Course Number: HST 103
Transcript Title: Western Civ: Modern Europe
Created: September 1, 2012
Updated: June 6, 2017
Total Credits: 4
Lecture Hours: 40
Lecture / Lab Hours: 0
Lab Hours: 0
Satisfies Cultural Literacy requirement: Yes
Satisfies General Education requirement: Yes
Grading options: A-F (default), P-NP, audit
Repeats available for credit: 0

Prerequisites

MTH 20 or equivalent placement test scores. Prerequisite/concurrent: WR 121.

Course Description

Studies history of 19th and 20th century Europe, including the Industrial Revolution, nationalism, imperialism, socialism, the Russian Revolution, Nazism, world wars and their aftermath. Prerequisites: MTH 20 or equivalent placement test scores. Prerequisite/concurrent: WR 121. Audit available.

Intended Outcomes

  1. Articulate an understanding of key events in the nineteenth and twentieth-century history of Europe.
  2. Critically evaluate historical changes and their impact on western civilization.
  3. Communicate effectively using historical analysis.
  4. Identify the influence of culturally based practices, values, and beliefs to assess how historically defined meanings of difference affect human behavior.
  5. Connect the past with present day events to enhance contemporary understanding and encourage civic activities.
  6. Recognize the different groups that interacted in and with Europe in the nineteenth and twentieth centuries in order to evaluate and appreciate their historical contributions to modern western civilization.
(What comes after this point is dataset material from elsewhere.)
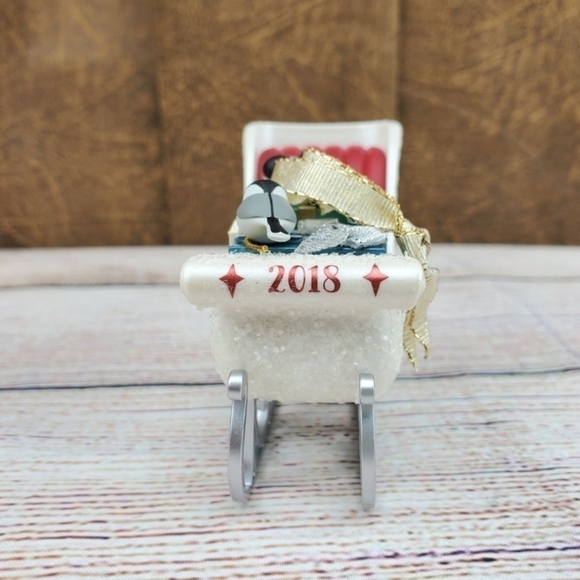 2018 Hallmark Our Christmas Together - Picture 4 of 4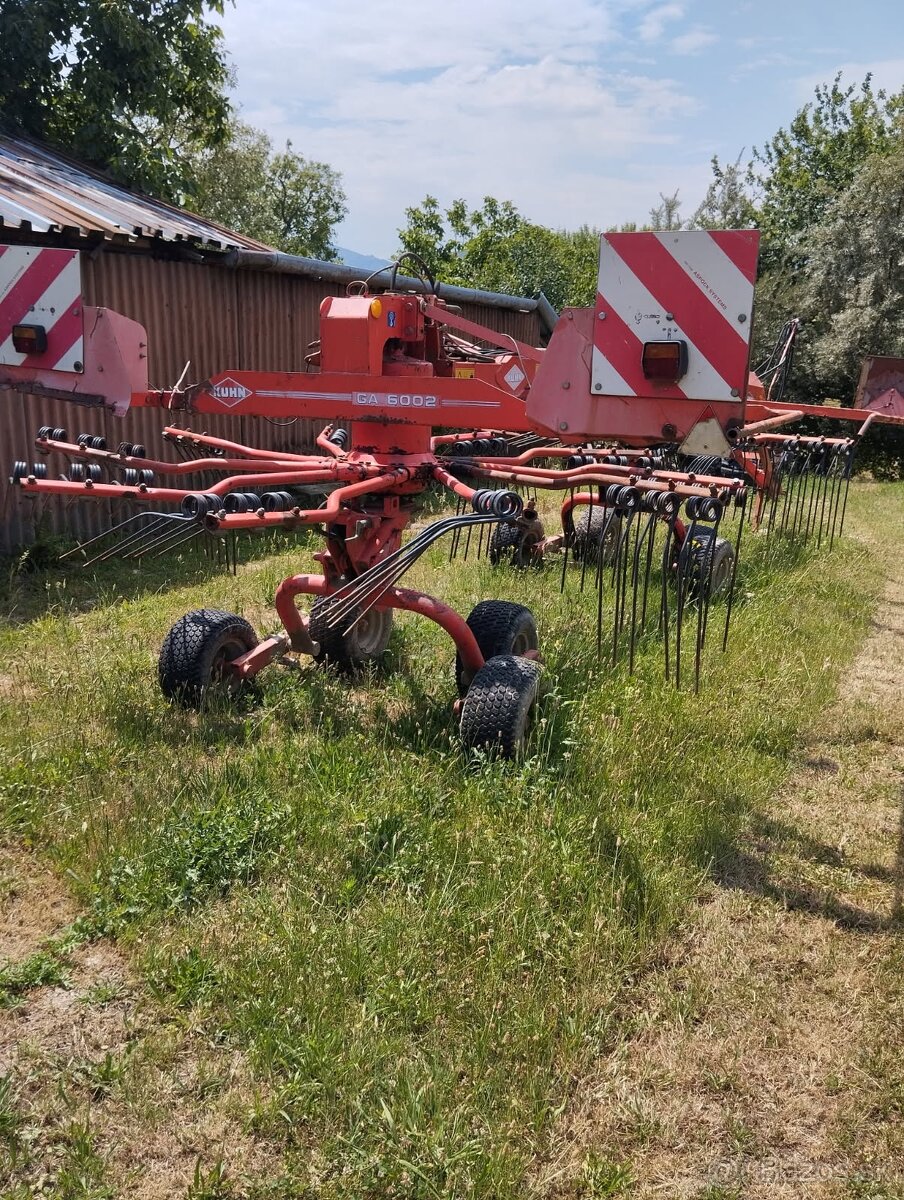 Zhrňovač Kuhn GA 6002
Alignment with Institutional Core Learning Outcomes

Major 1. Communicate effectively using appropriate reading, writing, listening, and speaking skills. (Communication)

Major

2. Creatively solve problems by using relevant methods of research, personal reflection, reasoning, and evaluation of information. (Critical thinking and Problem-Solving)
3. Extract, interpret, evaluate, communicate, and apply quantitative information and methods to solve problems, evaluate claims, and support decisions in their academic, professional and private lives. (Quantitative Literacy)

Major

4. Use an understanding of cultural differences to constructively address issues that arise in the workplace and community. (Cultural Awareness)

Major

5. Recognize the consequences of human activity upon our social and natural world. (Community and Environmental Responsibility)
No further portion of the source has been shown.